You can follow the steps below if you need to create and configure a virtual environment. These are for Windows command-line, if you are a Linux or MacOS user, you will need to look for the likely commands. On the Command Prompt (cmd):

# Open the project directory (full path here)
$ cd C:\..\portfolio-insight-project

# Create the virtual environment (choosing python 3.9.2)
$ virtualenv venv --python=python3.9.2

# Access the virtual environment
$ venv\Scripts\activate.bat

After that, you will see a (venv) sign on the command-line indicating that you are now inside the virtual environment. It should look like this:

$ (venv) C:\..\portfolio-insight-project>_

Finally, you can install the technologies you need with whatever version you want inside your environment, and it won't affect at all any package you have on your operational system. Use the pip install for that:

Just a friendly reminders here!
If you have installed Anaconda on your computer at any moment in your life, you probably already have all those packages available for you. Check for their versions and, if you have any troubles executing the Notebooks, create the virtual environment and install the packages using conda instead of pip.

$ pip install pandas==1.2.3
$ pip install numpy==1.19.2
$ pip install matplotlib==3.2.1
$ pip install seaborn==0.11.1

With these configurations, your machine is now ready to run and manipulate the project.

Executing online

To run the notebook online, you'll first need to download the Greener_Houses.ipynb file on this repository.

Then, you can access a Jupyter Lab free and online server here. Scroll over the page and choose the JupyterLab option. It will redirect you to an online version of the tool that will allow you to open the file you have just downloaded.

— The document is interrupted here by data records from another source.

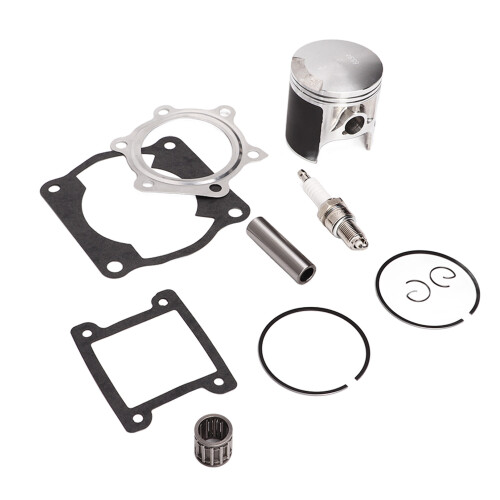 Top-End-Dichtungsatz Blaster 200 1988-2006 Aluminium 2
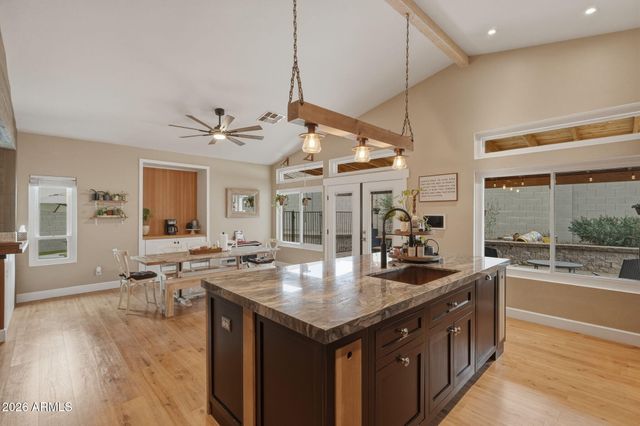 40833 N Mantle Court, Anthem, AZ 85086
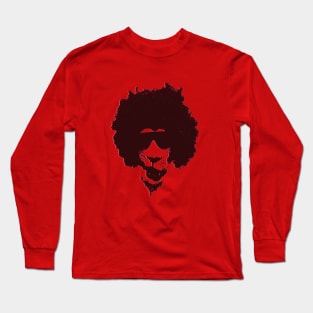 Groovin' Lion Long Sleeve T-Shirt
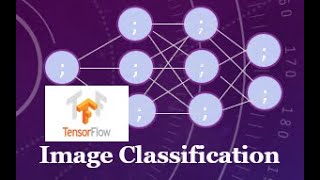 Image classification using TensorFlow sequential model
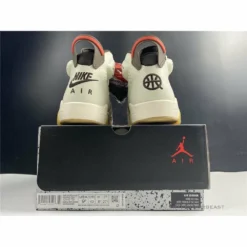 HypeYourBeast Air Jordan 6 Retro 'Quai 54' 22 HypeYourBeast Air Jordan 6 Retro 'Quai 54'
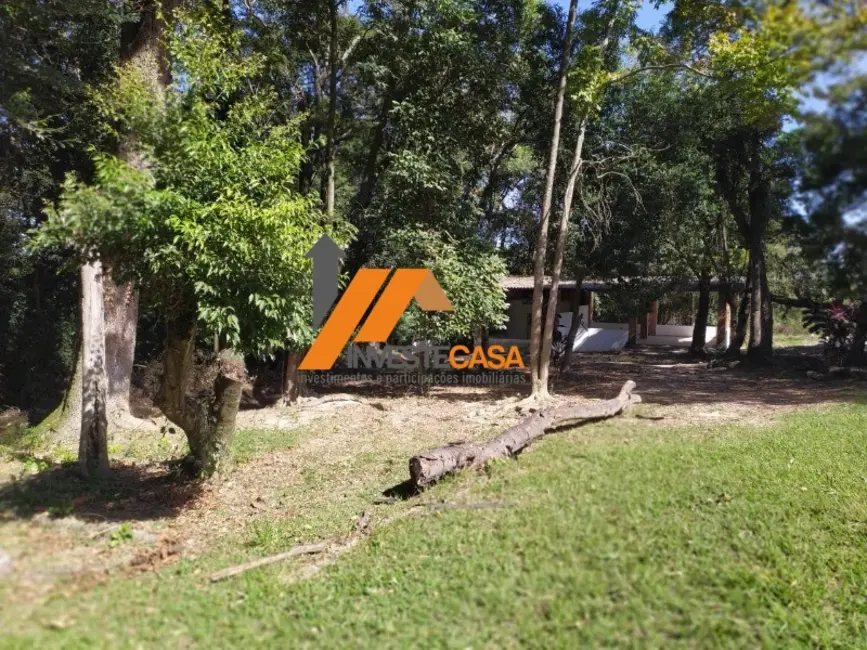 Foto 3 de Terreno / Lote à venda, 98000m2 em Zona Industrial, Sorocaba - SP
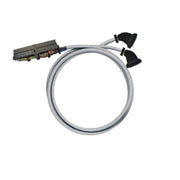 Weidmüller - SPS-Verbindungskabel Cable digitale Signale PAC-S300-HE20-V4-1M5 − 1 Stück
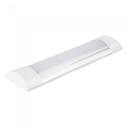 LED loftarmatur 10W 4000K 30cm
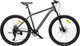 Велосипед TIMETRY TT402GR (разобранный, в коробке) - 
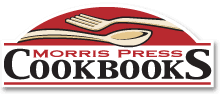 Morris Press Cookbooks logo
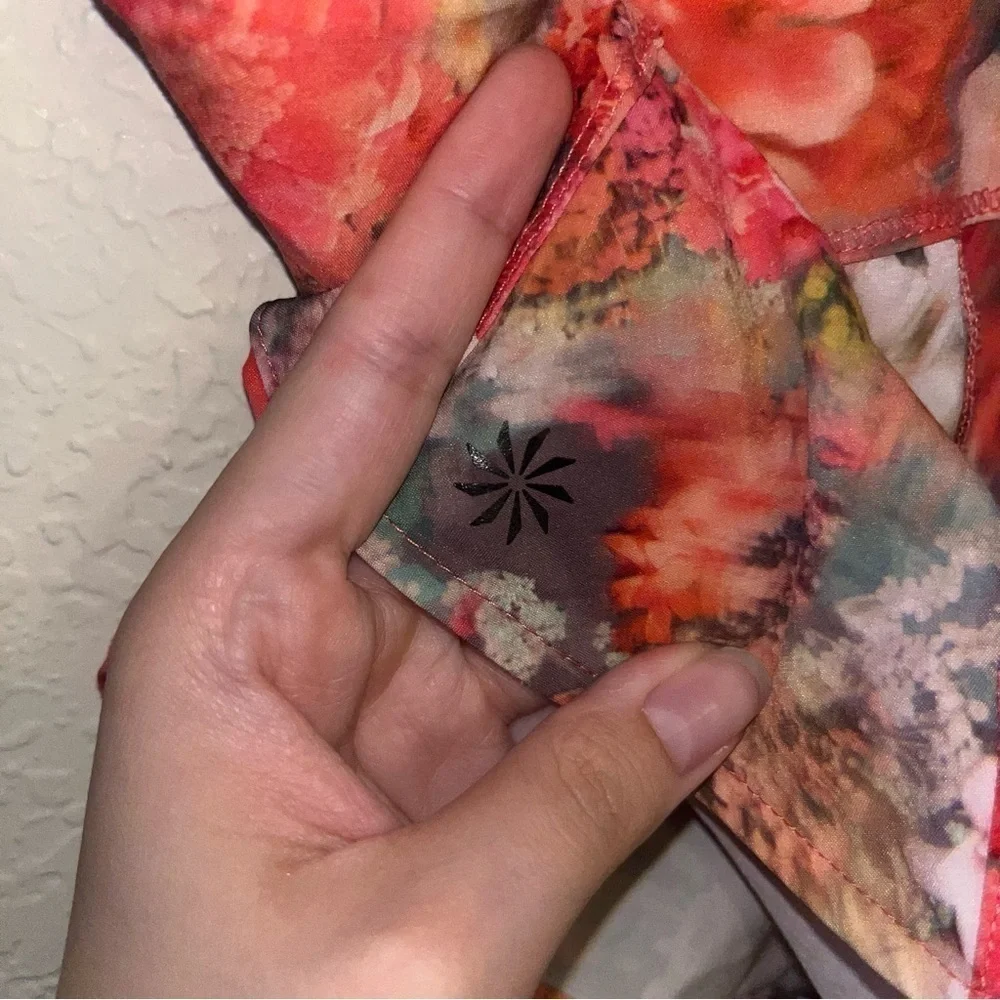 Athleta good used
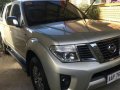 2014 Nissan Navara Gtx 4x4 Automatic Diesel For Sale -1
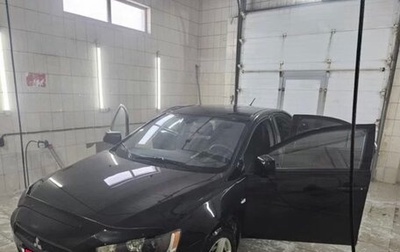 Mitsubishi Lancer IX, 2008 год, 800 000 рублей, 1 фотография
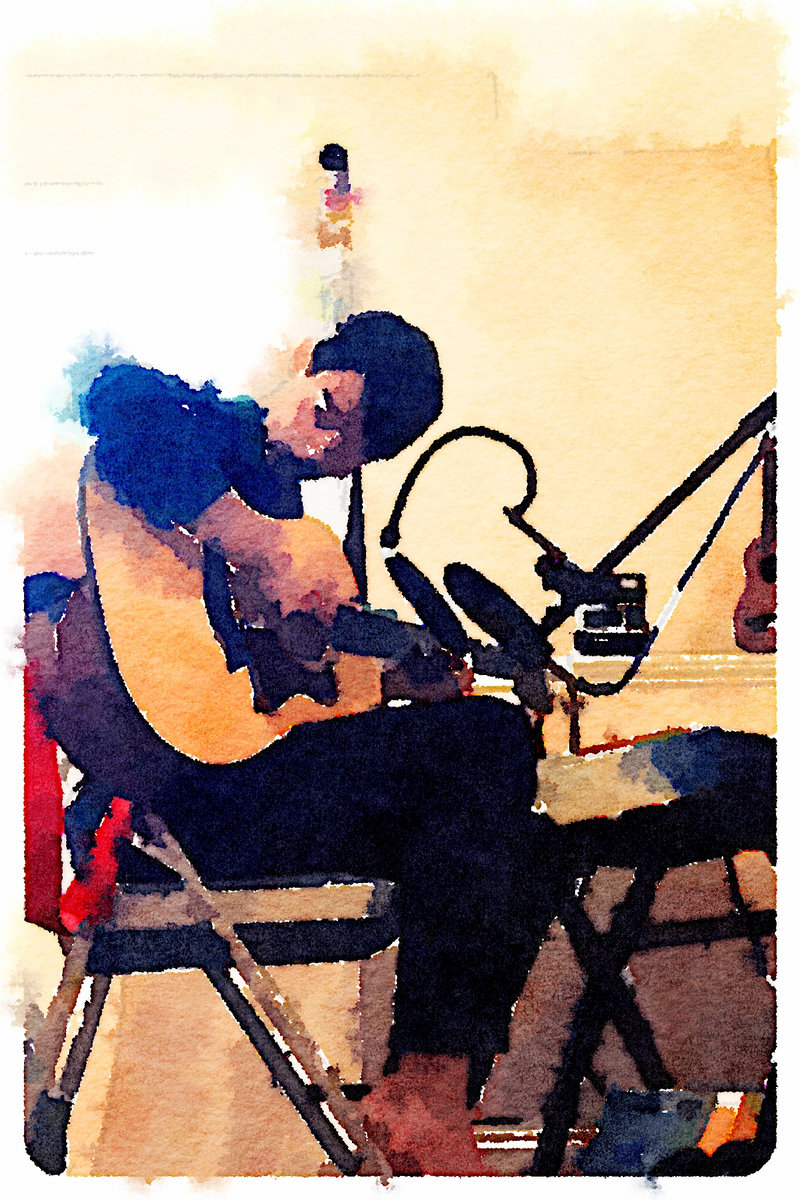 Always Love You | Caleb Reyes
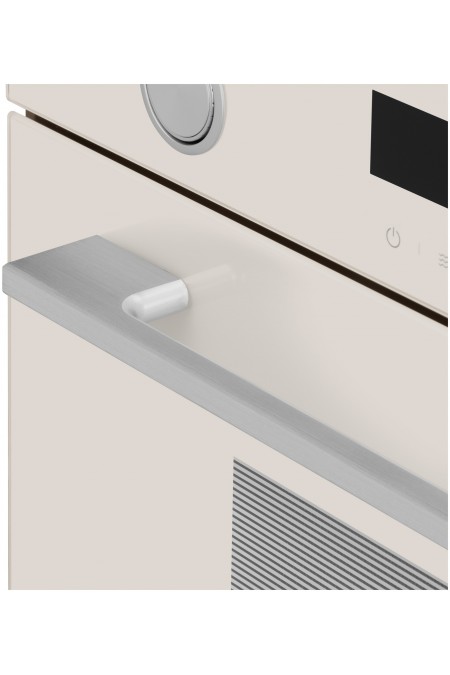 Микроволновая печь встраиваемая MAUNFELD MBMO349GBG (бежевый) 5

Go to your local repository where the downloaded file is and then drag the .ipynb file into the left sidebar of the online tool. The field should be seen with a hashed border before you drop it. Wait a little bit while it is loaded and then just double click on the project once it is there under the sidebar options.

Executing via cmd

To run the project and have access to the Notebooks:

# Go to the project directory (full path here)
$ cd C:\..\portfolio-insight-project

# Open the directory on the Jupyter Lab
$ jupyter lab

Just be patient here if your computer takes a little while without seeming to do a thing at all. It will process your inquisition and then open an external page on the web (your default browser) running the server on your localhost. You don't need to enter anything else on the command-line until this page is opened.